But there is a misconception among older Christian church theology, that ‘hell’ is a place of torture and punishment to living souls.  This is not Bible teaching, although graphic symbology is sometimes used in the Bible.  Hell (Hebrew Sheol, Greek Hades) is actually a word for the grave, where dead people are totally dead and know nothing.

Ecclesiastes 9:5-6
For the living know that they shall die: but the dead know not any thing, neither have they any more a reward; for the memory of them is forgotten.  Also their love, and their hatred, and their envy, is now perished  . . .

So dead people don’t know anything, they don’t love, they don’t hate, they don’t envy – in short, they cease to exist and turn back to dirt.

Ecclesiastes 3:19-20
For what happens to the children of man and what happens to the beasts is the same; as one dies, so dies the other. They all have the same breath, and man has no advantage over the beasts, for all is vanity.  (20)  All go to one place. All are from the dust, and to dust all return.
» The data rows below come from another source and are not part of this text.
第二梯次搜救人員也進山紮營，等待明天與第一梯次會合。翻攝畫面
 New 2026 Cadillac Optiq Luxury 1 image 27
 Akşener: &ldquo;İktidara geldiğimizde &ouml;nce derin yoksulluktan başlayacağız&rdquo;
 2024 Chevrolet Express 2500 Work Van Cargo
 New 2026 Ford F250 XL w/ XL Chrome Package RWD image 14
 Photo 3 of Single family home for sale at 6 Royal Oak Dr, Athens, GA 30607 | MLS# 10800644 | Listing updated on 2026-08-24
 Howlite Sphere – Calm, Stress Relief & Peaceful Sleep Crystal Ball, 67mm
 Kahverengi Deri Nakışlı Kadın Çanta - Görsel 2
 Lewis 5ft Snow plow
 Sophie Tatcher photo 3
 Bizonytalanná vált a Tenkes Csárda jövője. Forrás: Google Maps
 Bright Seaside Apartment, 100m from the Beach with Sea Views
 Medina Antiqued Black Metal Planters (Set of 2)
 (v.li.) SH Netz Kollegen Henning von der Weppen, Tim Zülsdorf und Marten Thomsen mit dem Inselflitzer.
There is another word sometimes translated “hell fire” “fire of Gehenna” in the New Testament which draws on two sources in the Old Testament. (1) the child sacrifice by idol worshippers in the Ge Henna (Ge Hinnom, wadi Hinnom)  during the time of Jeremiah, and (2) the depiction of the last battle and pile of corpses at the final judgement which is found in the last verse of Isaiah (Isaiah 66:24) which is applied by Jesus in Mark 9:47-48, “worm dies not, fire not quenched” to a future judgement in Ge Hinnom. In fact Isaiah’s last verses originally seen to relate to a prophesied last battle at Har Megiddo (in Greek Armageddon) not to Jeremiah’s Gehenna, but it is possible that Jesus is in Mark 9 wanting to draw the two future events together.

As we can see from the context of Gehenna in Jeremiah 7:31, 19:2–6 and of the fire in Isaiah 66:24, as well as the burning of the weeds (Matthew 13:24–43), the context is not eternal burning torture, but simply permanent destruction. The punishment of the wicked is not to be eternally tortured, but to be eternally excluded from the reward of the righteous – that is, immortality on earth.

2 Thessalonians 1:9-10
They will suffer the punishment of eternal destruction, away from the presence of the Lord and from the glory of his might,  (10)  when he comes on that day to be glorified in his saints  . . .

The only hope for anyone, is to be resurrected at the return of Jesus to earth.  Those that have known God, will be resurrected and judged – the righteous will be given immortality, the unrighteous will be given eternal destruction.